## Stored data
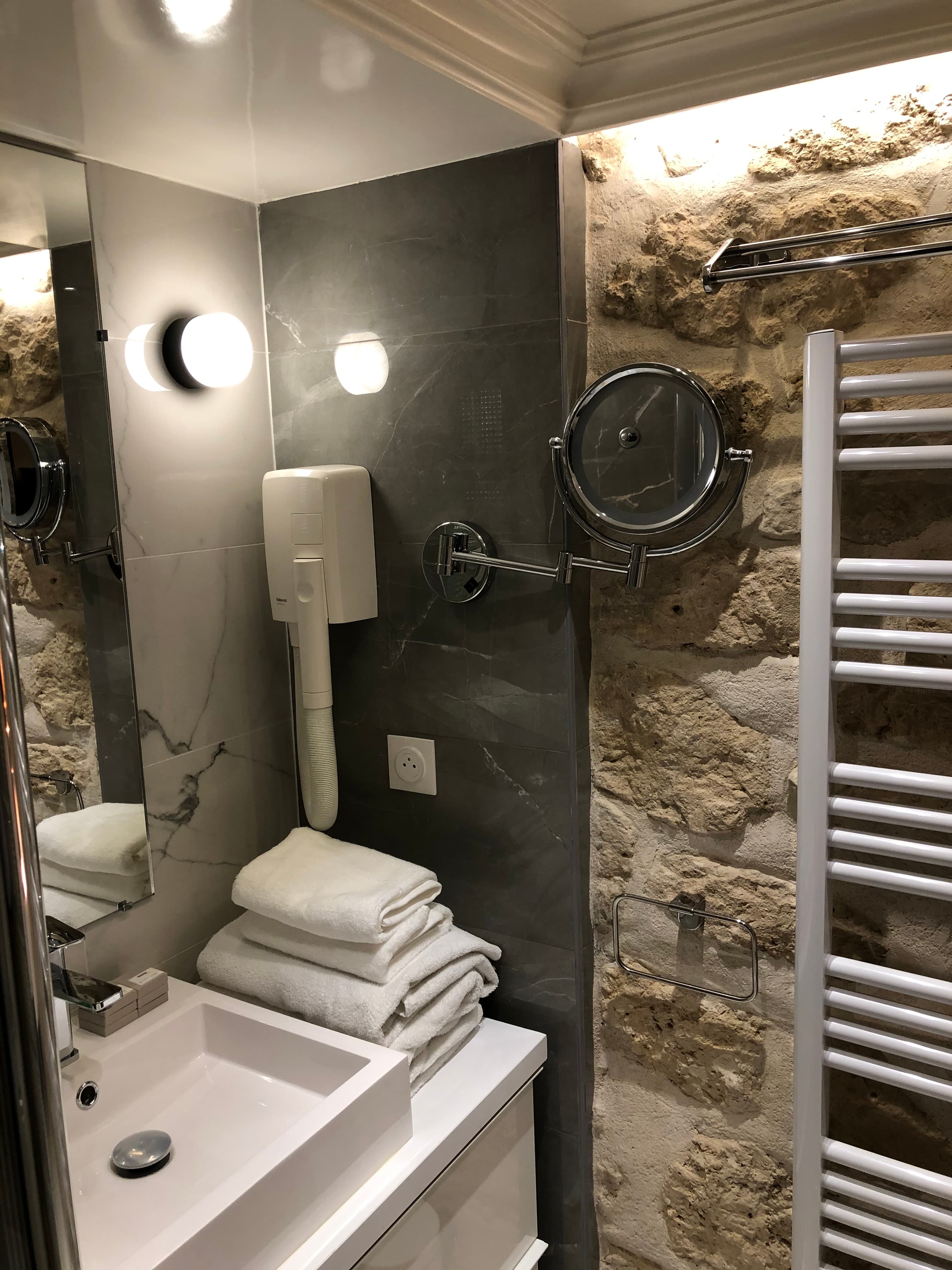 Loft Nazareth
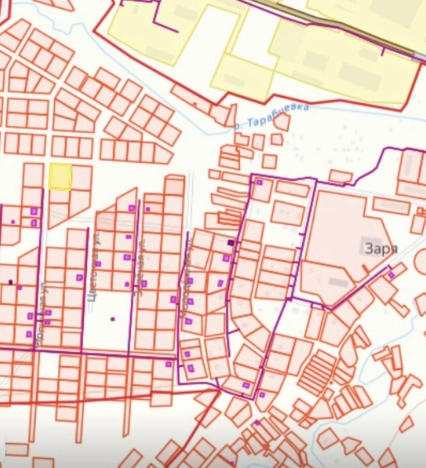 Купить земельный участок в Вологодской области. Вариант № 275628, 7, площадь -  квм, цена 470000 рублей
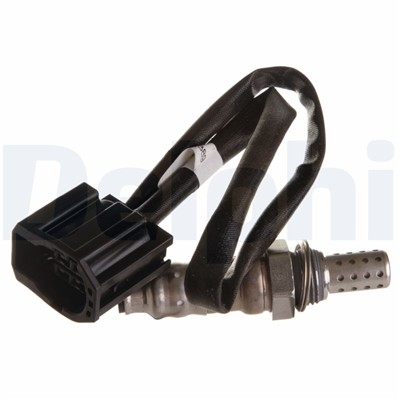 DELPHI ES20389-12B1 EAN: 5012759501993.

## Task instructions
Leaving out the images, repeat the listing above exactly.

## Solution for this exercise
 Loft Nazareth
 Купить земельный участок в Вологодской области. Вариант № 275628, 7, площадь -  квм, цена 470000 рублей
 DELPHI ES20389-12B1 EAN: 5012759501993.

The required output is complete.